Statuary Hall in the U.S. Capitol

Statuary Hall in the U.S. Capitol

D.C. might finally get a place in the U.S. Capitol’s Statuary Hall, it seems.

A Senate spending bill for D.C. that passed this week would allow a statue of Frederick Douglass to be moved from a D.C. government building in Judiciary Square to Statuary Hall, placing it amid the two statues that each state is entitled to place in the Capitol complex. It would be only the third bust of an African-American in the hall, which has 120 statues on display.

D.C. officials have long fought for their two statues—the second is of Pierre L’Enfant—but their efforts have long been stymied by Republicans. The one-statue compromise was floated by a California Republican in 2010, but it died in the Senate.

The spending bill would also allow D.C. to spend its own money in the event of a federal government shutdown, a huge win for city officials who have long complained that they have to prepare for a local shutdown every time members of Congress can’t agree on a federal budget. And as we recently reported, the Senate bill allows D.C. to spend its own funds on abortions.

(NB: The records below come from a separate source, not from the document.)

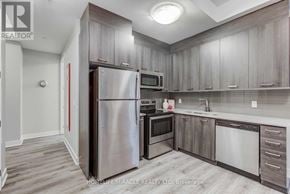 Hamilton (Central) condo for rent - A kitchen with a refrigerator, microwave, oven, and sink.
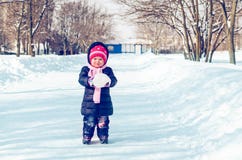 A menina anda no inverno em uma aleia nevado imagens de stock royalty free A menina anda no inverno em uma aleia nevado imagens de stock royalty free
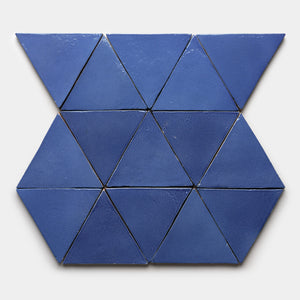 The Azul Triangle by Zia Tile features twelve blue ceramic triangles arranged in two rows of connected hexagons on a light gray background.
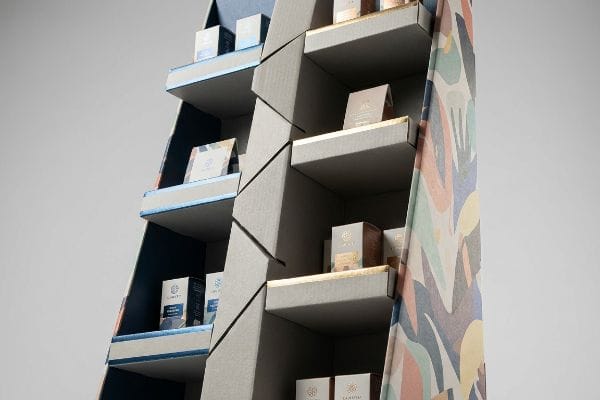 A multi-tiered cardboard POP display with asymmetric shelves, blue and gold metallic trims, holds LUMITY and LA NUIT boxes.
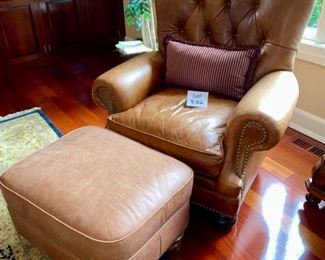Lot 3182. $525.00  1 of 2 Classic Leather Chair and Ottoman with nailhead trim detail. Was $1950 new! Medium Brown	chair: 40"H to back x 29"D x 39"W  Seat: 19"H x 20"W x 22"D;  Ottoman: 22"w x 21"x 17"H	Note that the ottoman is quite faded and worn, however, there is a product on the market that will restore this leather to its original luster.  Set looks better than what it looks like in this bright location.  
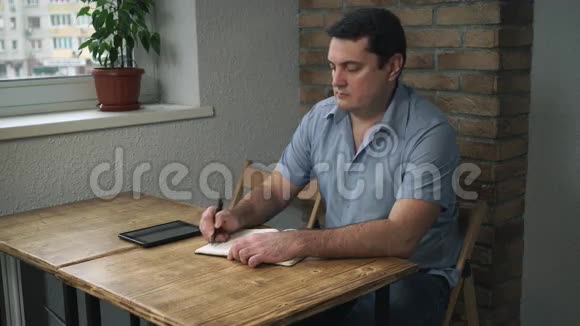 成年男性坐在一家有日记和平板电脑的咖啡馆里在笔记本上记笔记视频的预览图
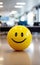 Positivity in the workplace demonstrated by a yellow smiling ball in the office interior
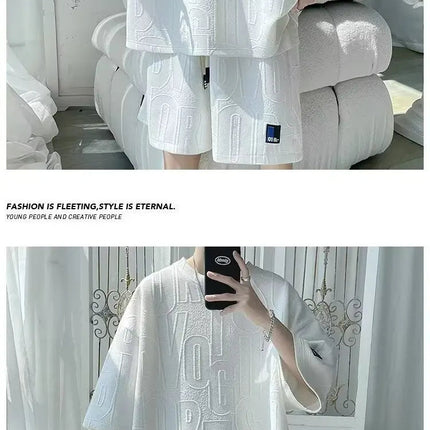 Abito di moda maschile bello set con pantaloncini a maniche corte jacquard sportivi casual larghi Set da due pezzi 2025 Primavera ed estate platinumshop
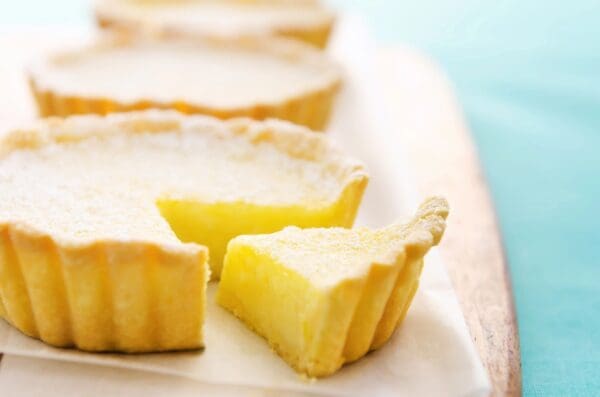 A close up of some lemon tarts on a plate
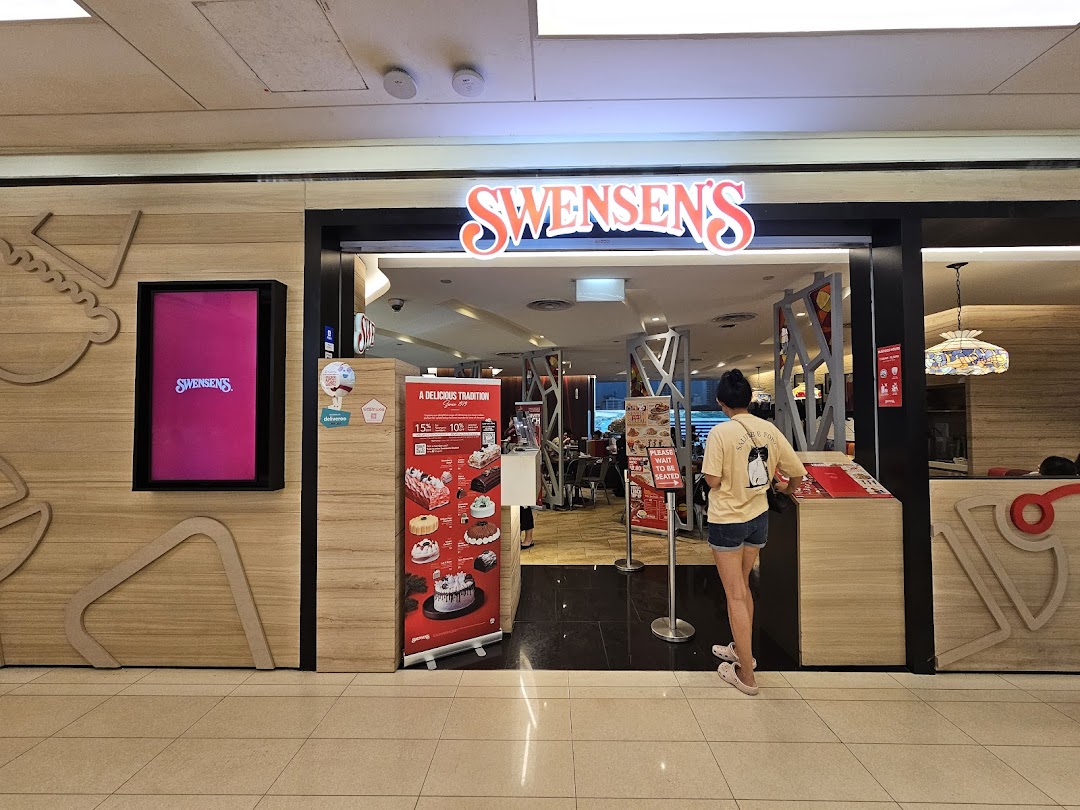 The vibrant entrance of Swensens at Clementi Mall, featuring its iconic signage and promotional displays.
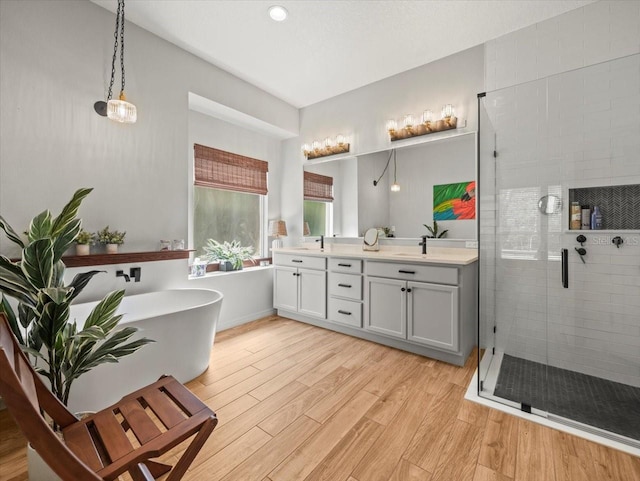 full bath with wood finished floors, a shower stall, double vanity, a sink, and a soaking tub
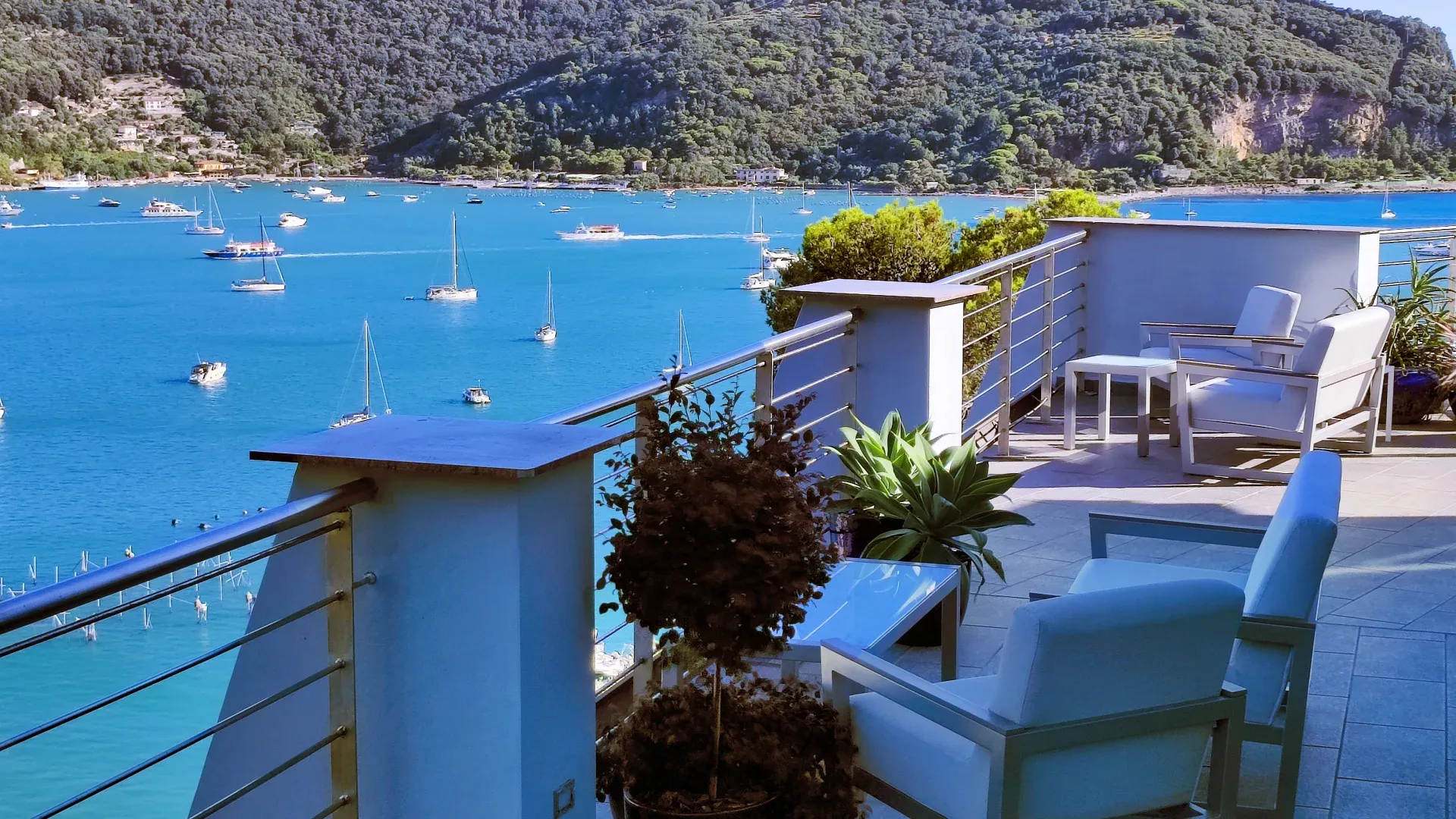 Terrazza con poltrone bianche affacciata sulla baia con barche a vela ormeggiate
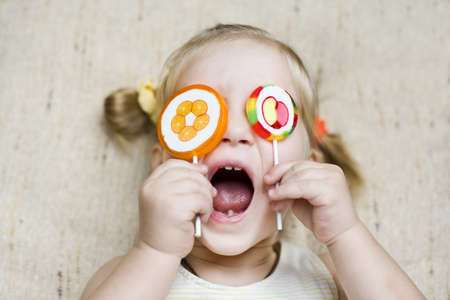 Funny toddler girl with candiesの写真素材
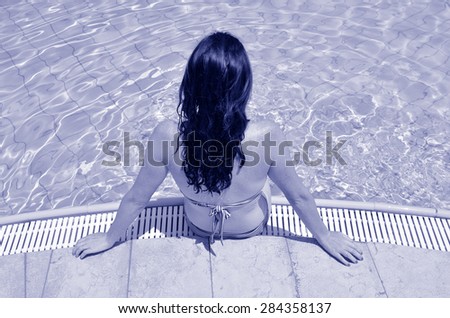 Young woman enjoying natural mineral salty water in outdoor pool in a resort in the Dead Sea, Israel
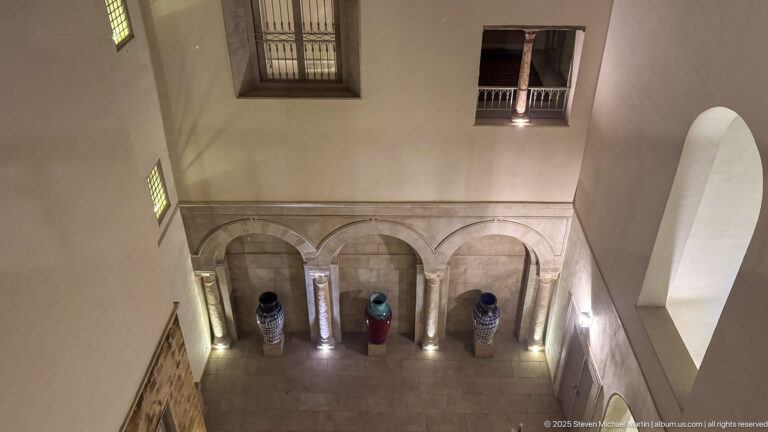 View from above into a stone courtyard with three arches, large ceramic vessels, floor lights, and high surrounding walls.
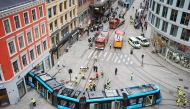 An overall view shows a derailed tram that has driven into a building in a busy street in the center of Oslo, Norway on October 29, 2024. Photo by Terje Pedersen / NTB / AFP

The bill also includes funding for a number of other D.C. priorities, according to a press release from D.C. Del. Eleanor Holmes Norton’s office:

The bill also would fund critical D.C. programs, including $35.1 million for DCTAG, an increase of $5.1 million from fiscal year 2012, which Norton got through Congress in 1999 to provide higher education opportunities for D.C. students equal to those available to other Americans by granting D.C. students up to $10,000 annually for in-state tuition at any U.S. public college and up to $2,500 annually to attend private colleges in D.C. and the region. DCTAG has doubled college attendance rates in D.C., now up to 60 percent – 10 points above the national average. The bill also includes $20 million each for D.C. public and public charter schools; $5 million for HIV/AIDS prevention and treatment; $15 million for her top environmental priority, the D.C. Water and Sewer Authority’s Clean Rivers Project to reduce combined sewer overflow and restore the Anacostia River; $24.7 million for emergency planning and security costs associated with national events and demonstrations, at least $9.8 million of which is to cover costs associated with the next presidential inauguration; $500,000 for tuition for D.C. National Guard soldiers; and $9.8 million to help start D.C.’s redevelopment of the East Campus at St. Elizabeths in Ward 8. The Senate Appropriations Committee-passed Homeland Security Appropriations bill provides the full $89 million requested by President Obama for the continued development of the Department of Homeland Security headquarters on the St. Elizabeths West Campus. The House approved $34.5 million for the headquarters project.

Certain provisions of the spending bill don’t align with a similar bill passed by the House, and the two will have to be reconciled in a conference committee. The House bill bans local funding for abortions, does not mention the Douglass statue and does not fund some of the programs covered by the Senate bill.